◆ **Records supplied**
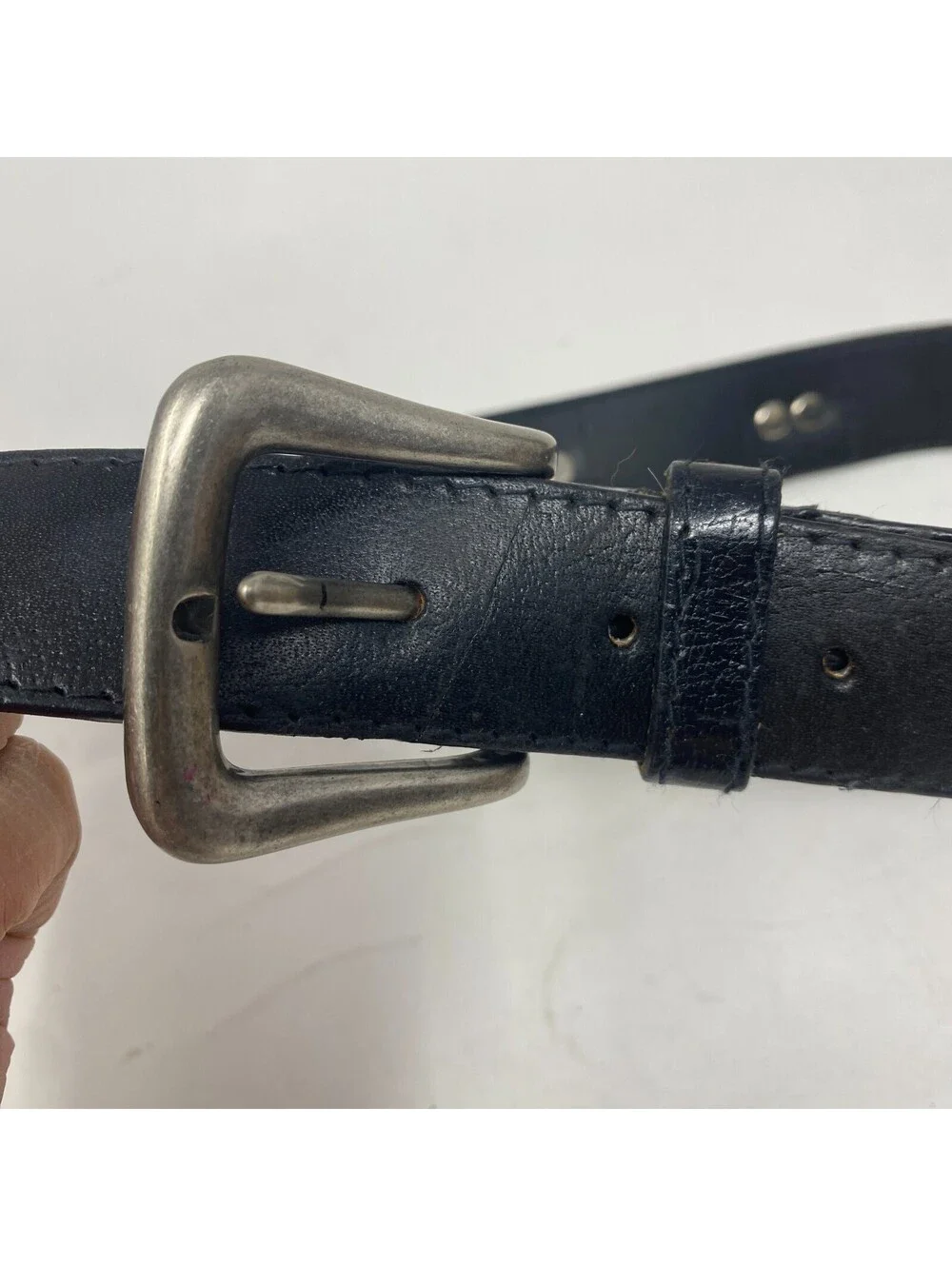 Liz Claiborne Vintage 90s Black Leather Color Block Studded Belt Womens Large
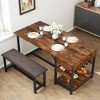 COZONY 3-Piece Dining Table Set for 4 - Rustic Kitchen Table with 2 Benches & Storage, Metal Frame, Small Space - 2 of 4
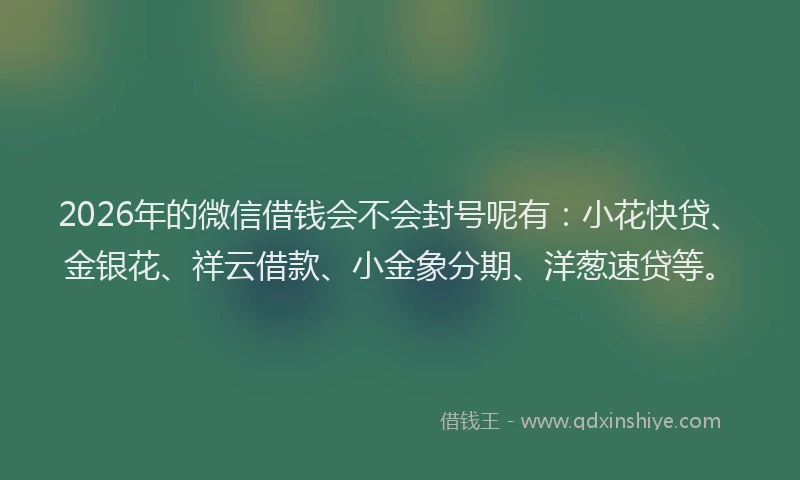 2026年的微信借钱会不会封号呢有：小花快贷、金银花、祥云借款、小金象分期、洋葱速贷等。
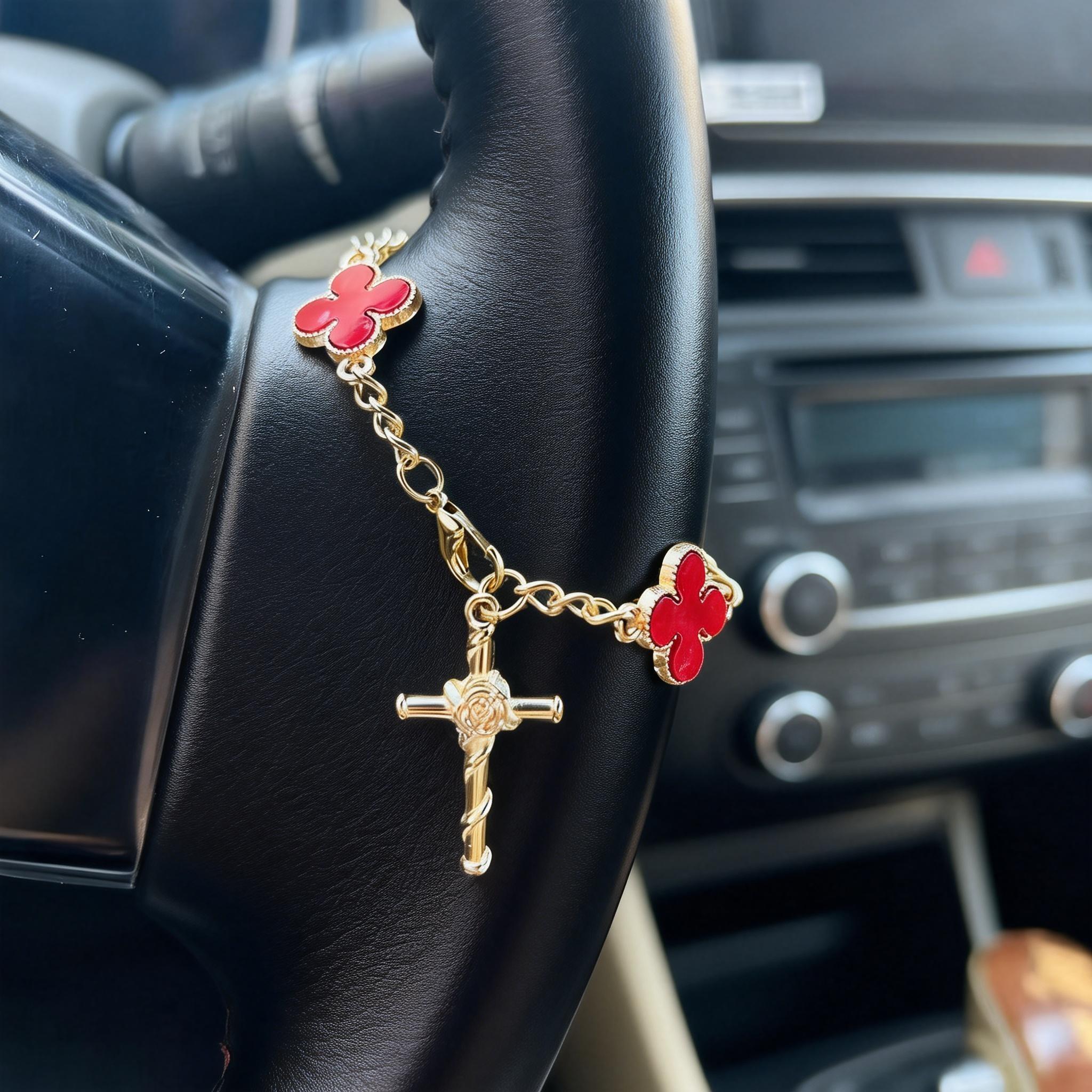 Four-Leaf Clover Steering Wheel Ornament, Rose Cross Pendant, Elegant Car Steering Wheel Decoration, Car Accessories, Car Hanging Decorations, Car Interior Decoration, Car Interior Accessory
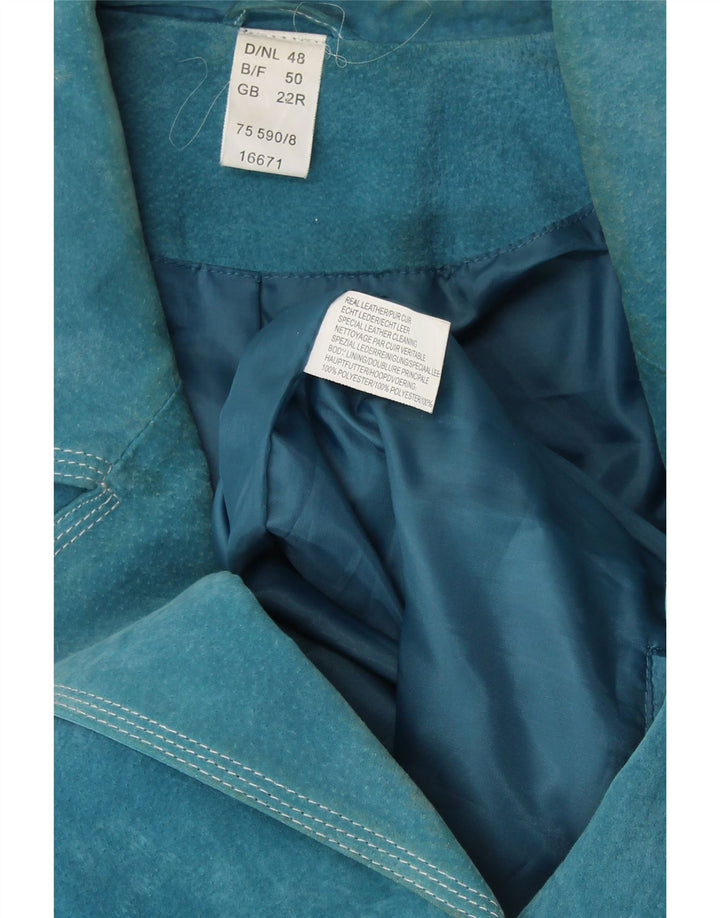 ВИНТАЖНЫЙ женский замшевый пиджак на 4 пуговицах, Великобритания, 22, 3XL, синий кожаный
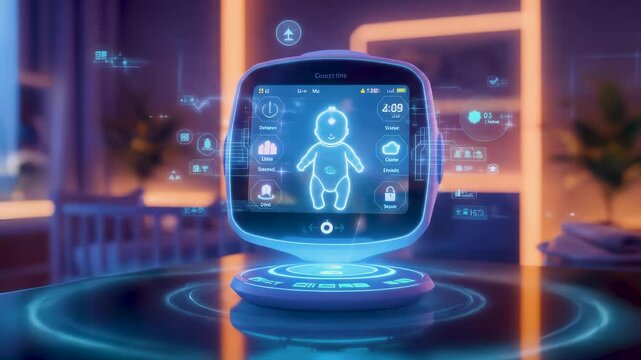 A futuristic connected baby monitor displays real-time health and environmental data through a holographic interface in a cozy smart home nursery. - Powered by Adobe
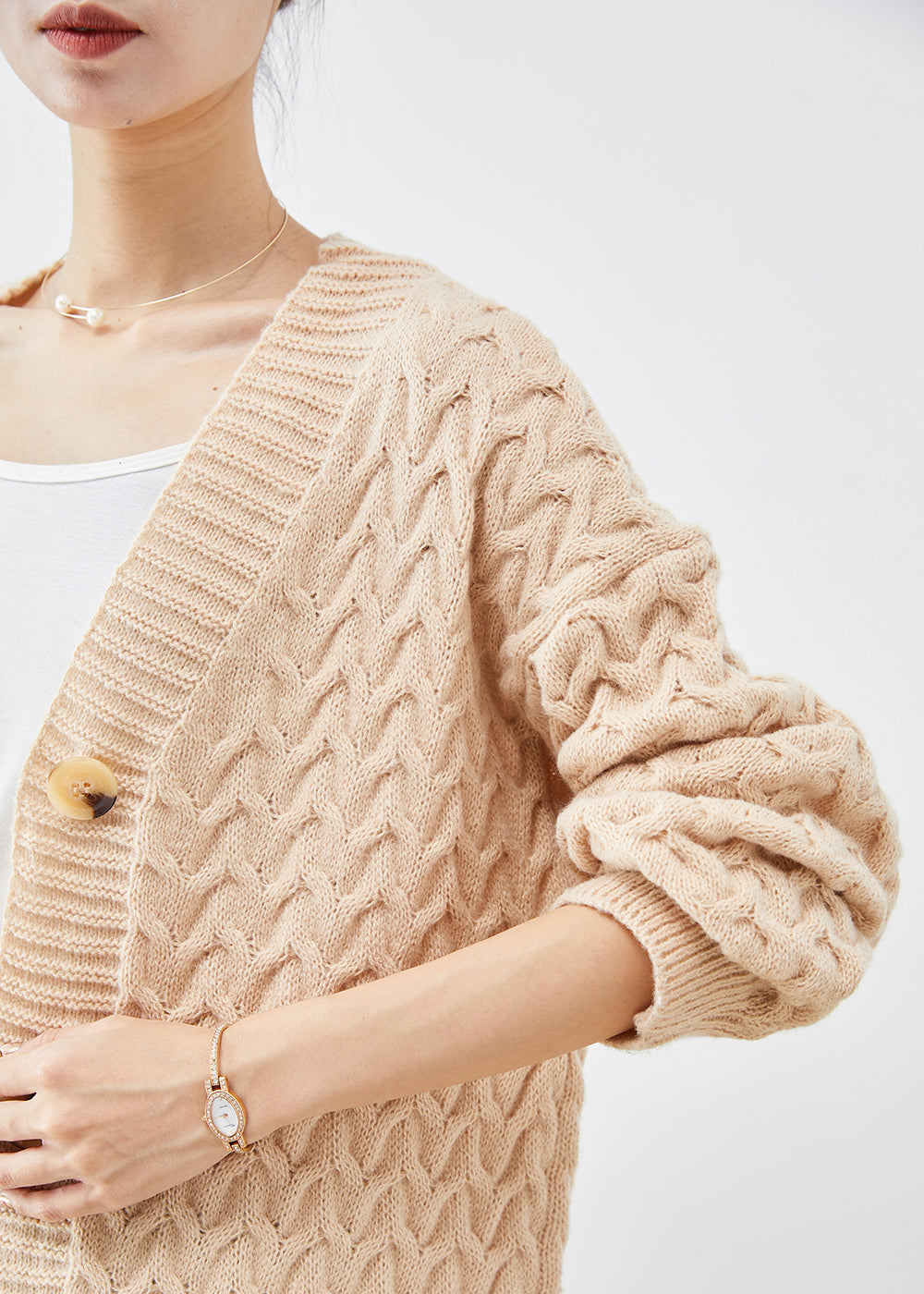 Art Beige Button Down Warm Cable Knit Loose Coat Fall Ada Fashion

◆ **Task objective**
Every line from the one containing "Four-Leaf Clover Steering" through the end of the entries above is to be copied exactly; pictures are to be left out.

◆ **The completed task**
 Four-Leaf Clover Steering Wheel Ornament, Rose Cross Pendant, Elegant Car Steering Wheel Decoration, Car Accessories, Car Hanging Decorations, Car Interior Decoration, Car Interior Accessory
 ВИНТАЖНЫЙ женский замшевый пиджак на 4 пуговицах, Великобритания, 22, 3XL, синий кожаный
 A futuristic connected baby monitor displays real-time health and environmental data through a holographic interface in a cozy smart home nursery. - Powered by Adobe
 Art Beige Button Down Warm Cable Knit Loose Coat Fall Ada Fashion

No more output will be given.